Masyarakat pesisir pada umumnya sebagian besar penduduknya bermatapencaharian di sektor pemanfaatan sumberdaya kelautan (marine resource based), seperti nelayan, pembudidaya ikan, penambangan pasir dan transportasi laut. Kondisi lingkungan pemukiman masyarakat pesisir, khususnya nelayan masih belum tertata dengan baik dan terkesan kumuh. Dengan kondisi sosial ekonomi masyarakat yang relatif berada dalam tingkat kesejahteraan rendah, maka dalam jangka panjang tekanan terhadap sumberdaya pesisir akan semakin besar guna pemenuhan kebutuhan masyarakat. Masyarakat itu banyak memanfaatkan sumber daya manusia. Masyarakat itu banyak memanfaatkan sumber daya pesisir untuk memenuhi kebutuhan hidupnya, dan mereka melakukan aktivitas kesehariaanya di kawasan itu. Dengan kata lain, wilayah pesisir mendapat tekanan dari peningkatan jumlah penduduk dan kegiatan perekonomian seperti kegiatan penangkapan ikan, penggalian pasir, pertambangan pengeboran minya dan gas bumi, lalu lintas kapal tanker, permukiman, pariwisata dan rekerasi (Hutomo, 1998).

C. Penataan Kawasan

Penataan Kawasan atau Penataan kawasan merupakan salah satu upaya rekayasa sosial yang diselenggarakan di suatu wilayah dan dilakukan bersamaan dengan upaya menciptakan suatu sistem yang komprehensif terkait aktivitas yang berlangsung di kawasan, dengan memperhatikan kualitas lingkungan hidup.
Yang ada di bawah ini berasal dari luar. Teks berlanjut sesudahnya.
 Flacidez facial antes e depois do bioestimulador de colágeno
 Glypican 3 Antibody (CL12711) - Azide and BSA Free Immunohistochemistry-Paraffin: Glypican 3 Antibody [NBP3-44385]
Hal ini berarti yang

(16)

24

diharapkan dari Penataan Kawasan adalah hadirnya suatu tatanan baru yang dapat memberikan harapan kualitas kehidupan yang lebih meningkat. Dalam mengembangkan suatu kegiatan wisata perlu adanya hak pengelolaan kawasan wisata, baik dari pemerintah daerah, masyarakat setempat serta pengelola kawasan wisata di desa tersebut ( Lis Noer Aini, 2015). Dalam UU No.26 tahun 2007 tentang Penataan Ruang BAB I, pasal I disebutkan bahwa Ruang adalah wadah yang meliputi ruang darat, ruang laut, dan ruang udara, termasuk ruang di dalam bumi sebagai satu kesatuan wilayah, tempat manusia dan makhluk lain hidup, melakukan kegiatan, dan memelihara kelangsungan hidupnya. Pada proses dan hasil penataan kawasan merupakan bagian dari upaya mendidik perilaku warga masyarakat sekitar dan juga merupakan pendidikan bagi para pengguna manfaat dari kawasan tersebut agar sesuai dengan tujuan Penataan Kawasan. Penataan kawasan dengan konsep seperti ini bermaksud untuk:

a) Mengembangkan kehidupan sosial masyarakat setempat; b) Meningkatkan ekonomi masyarakat setempat; serta

c) Mengembangkan kualitas lingkungan dan menjaga kelestarian lingkungan.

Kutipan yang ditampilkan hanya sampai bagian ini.